**The task**
Your task is to print all of the data below exactly, with no pictures included.

**Supplied data**
——————

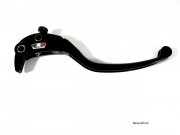 TWM clutch lever folding Triumph al modelle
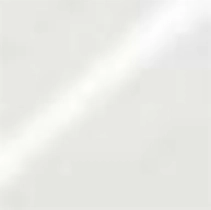 01=White Alpin 1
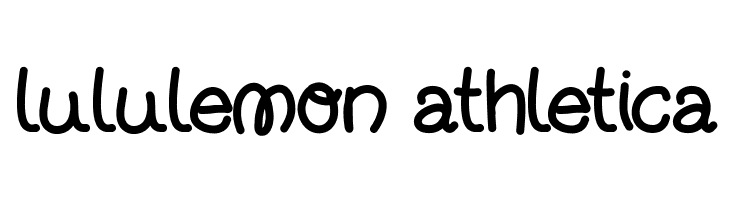 DjuiceWriting  Descarca Fonturi Gratis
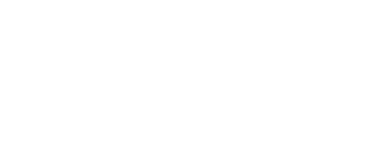 Wazdan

——————

**Solution for this task**
 TWM clutch lever folding Triumph al modelle
 01=White Alpin 1
 DjuiceWriting  Descarca Fonturi Gratis
 Wazdan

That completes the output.